In addition to minimizing disruption by using mild surfactants, cleansers can further strengthen the acid mantle by incorporating three moisturizing components: occlusives, humectants, and emollients. [xvii]  Pull those whoppers out at your next cocktail party!  The word nerd inside me is jumping for joy.  These three categories aid the skin in unique ways.

Occlusives lie on top of the skin and serve as a substitute acid mantle.  Like the acid mantle, they protect against dehydration, infection, and environmental damage, and give the two other types of moisturizers a chance to do their part.  Among plant-based ingredients that do this are almond, jojoba, soybean, and avocado oils.[xviii]

Humectants draw moisture back into the skin and work best beneath the protection of an occlusive.  Among plant-based ingredients that do this are glycerin[xix] and various sugars, including honey and sucrose.[xx]

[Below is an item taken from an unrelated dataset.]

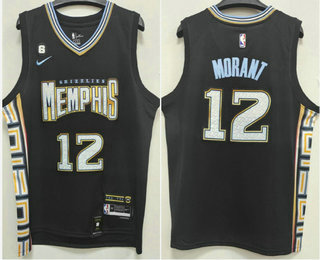 Men's Memphis Grizzlies #12 Ja Morant 2022 Black City Edition With 6 Patch Stitched Jersey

Emollients fill in the cracks between skin flakes, replacing lost lipids.[xxi]  There are two fatty acids that do this particularly well: linoleic and alpha-linoleic fatty acids, neither of which can the body produce on its own. [xxii]   They are readily found in a wide variety nuts, seeds, and leafy vegetables including safflower, wheat germ, sunflower, and hemp oils.[xxiii]

The skin benefits most when all three of these types of moisturizers are present together.

What this means for Dr. Bronners…

All of Dr. Bronner’s soaps contain jojoba oil (an occlusive), glycerin (a humectant), and hemp oil (a concentrated source of linoleic acid, an emollient).[xxiv]  This means that the Liquid and Bar Castile, as well as the Organic Sugar & Shave Soaps supply what our skin needs to be strong and healthy.  The Organic Sugar & Shave Soaps contain additional humectants, sucrose (sugar) and white grape juice, resulting in an even more nourishing cleanser.

Conclusion

When I began this self-directed course on pH and skin health, I wanted solid, peer-reviewed, unbiased research.  No marketing campaigns.  No hype.  No trends.  No celebrity commentary.  I have never researched more than I have for this article.  Possibly not even in college.  I’ve included many references below for those who cry, “Show me the research!”  You are my people, and that is our song.  Needless to say, I’m glad to learn that pH of cleansers is almost a non-issue, and that my family’s formulations are well-founded. Though I’ve always thought that, it’s good to know why.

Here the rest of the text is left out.